C++17 provides std::to_chars as a higher-performance locale-independent alternative.

Answer 14

C++11 introduced std::to_string() for numeric types:

int n = 123; // Input, signed/unsigned short/int/long/long long/float/double
std::string str = std::to_string(n); // Output, std::string

Answer 15

You use a counter type of algorithm to convert to a string. I got this technique from programming Commodore 64 computers. It is also good for game programming.

• You take the integer and take each digit that is weighted by powers of 10. So assume the integer is 950.

  • If the integer equals or is greater than 100,000 then subtract 100,000 and increase the counter in the string at ["000000"];
    keep doing it until no more numbers in position 100,000. Drop another power of ten.

  • If the integer equals or is greater than 10,000 then subtract 10,000 and increase the counter in the string at ["000000"] + 1 position;
    keep doing it until no more numbers in position 10,000.

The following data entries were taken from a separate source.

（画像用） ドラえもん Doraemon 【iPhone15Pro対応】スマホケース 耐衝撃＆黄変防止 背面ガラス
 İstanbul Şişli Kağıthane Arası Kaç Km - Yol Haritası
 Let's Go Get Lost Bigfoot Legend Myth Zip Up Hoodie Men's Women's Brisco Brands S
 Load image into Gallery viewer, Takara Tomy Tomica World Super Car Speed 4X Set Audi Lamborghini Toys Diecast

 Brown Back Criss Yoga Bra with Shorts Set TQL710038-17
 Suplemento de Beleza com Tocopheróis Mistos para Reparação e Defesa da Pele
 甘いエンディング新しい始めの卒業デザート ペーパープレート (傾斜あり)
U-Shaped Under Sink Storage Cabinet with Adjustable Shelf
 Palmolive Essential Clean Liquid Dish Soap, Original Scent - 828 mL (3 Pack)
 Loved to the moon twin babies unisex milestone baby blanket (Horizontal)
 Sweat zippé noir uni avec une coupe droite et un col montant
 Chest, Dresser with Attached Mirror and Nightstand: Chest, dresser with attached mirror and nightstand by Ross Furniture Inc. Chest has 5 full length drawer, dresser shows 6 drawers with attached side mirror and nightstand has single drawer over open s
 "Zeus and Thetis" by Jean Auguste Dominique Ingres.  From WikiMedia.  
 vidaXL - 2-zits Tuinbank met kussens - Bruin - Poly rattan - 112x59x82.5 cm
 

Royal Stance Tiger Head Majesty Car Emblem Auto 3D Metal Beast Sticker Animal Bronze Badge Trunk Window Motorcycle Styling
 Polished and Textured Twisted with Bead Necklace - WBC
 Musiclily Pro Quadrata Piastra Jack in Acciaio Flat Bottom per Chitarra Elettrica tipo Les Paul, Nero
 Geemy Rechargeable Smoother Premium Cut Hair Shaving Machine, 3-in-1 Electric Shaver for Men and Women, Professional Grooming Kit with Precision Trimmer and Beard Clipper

• Drop another power of ten

• Repeat the pattern

I know 950 is too small to use as an example, but I hope you get the idea.

Answer 16

string number_to_string(int x) {

    if (!x)
        return "0";

    string s, s2;
    while(x) {
        s.push_back(x%10 + '0');
        x /= 10;
    }
    reverse(s.begin(), s.end());
    return s;
}

Answer 17

I use:

int myint = 0;
long double myLD = 0.0;

string myint_str = static_cast<ostringstream*>(&(ostringstream() << myint))->str();
string myLD_str = static_cast<ostringstream*>(&(ostringstream() << myLD))->str();

It works on my Windows and Linux g++ compilers.

Answer 18

It would be easier using stringstreams:

#include <sstream>

int x = 42;          // The integer
string str;          // The string
ostringstream temp;  // 'temp' as in temporary
temp << x;
str = temp.str();    // str is 'temp' as string

Or make a function:

#include <sstream>

string IntToString(int a)
{
    ostringstream temp;
    temp << a;
    return temp.str();
}

Answer 19

namespace std
{
    inline string to_string(int _Val)
    {   // Convert long long to string
        char _Buf[2 * _MAX_INT_DIG];
        snprintf(_Buf, "%d", _Val);
        return (string(_Buf));
    }
}

You can now use to_string(5).

Answer 20

I usually use the following method:

#include <sstream>

template <typename T>
  std::string NumberToString ( T Number )
  {
     std::ostringstream ss;
     ss << Number;
     return ss.str();
  }

It is described in details here.

Answer 21

C++11 introduces std::stoi (and variants for each numeric type) and std::to_string, the counterparts of the C atoi and itoa but expressed in term of std::string.

#include <string> 

std::string s = std::to_string(42);

is therefore the shortest way I can think of. You can even omit naming the type, using the auto keyword:

auto s = std::to_string(42);

Note: see [string.conversions] (21.5 in n3242)

Answer 22

It's rather easy to add some syntactical sugar that allows one to compose strings on the fly in a stream-like way

#include <string>
#include <sstream>

struct strmake {
    std::stringstream s;
    template <typename T> strmake& operator << (const T& x) {
        s << x; return *this;
    }   
    operator std::string() {return s.str();}
};

Now you may append whatever you want (provided that an operator << (std::ostream& ..) is defined for it) to strmake() and use it in place of an std::string.

Example:

#include <iostream>

int main() {
    std::string x =
      strmake() << "Current time is " << 5+5 << ":" << 5*5 << " GST";
    std::cout << x << std::endl;
}

Answer 23

Use:

#define convertToString(x) #x

int main()
{
    convertToString(42); // Returns const char* equivalent of 42
}

Answer 24

First include:

#include <string>
#include <sstream>

Second add the method:

template <typename T>
string NumberToString(T pNumber)
{
 ostringstream oOStrStream;
 oOStrStream << pNumber;
 return oOStrStream.str();
}

Use the method like this:

NumberToString(69);

or

int x = 69;
string vStr = NumberToString(x) + " Hello word!."

Answer 25

sprintf() is pretty good for format conversion. You can then assign the resulting C string to the C++ string as you did in 1.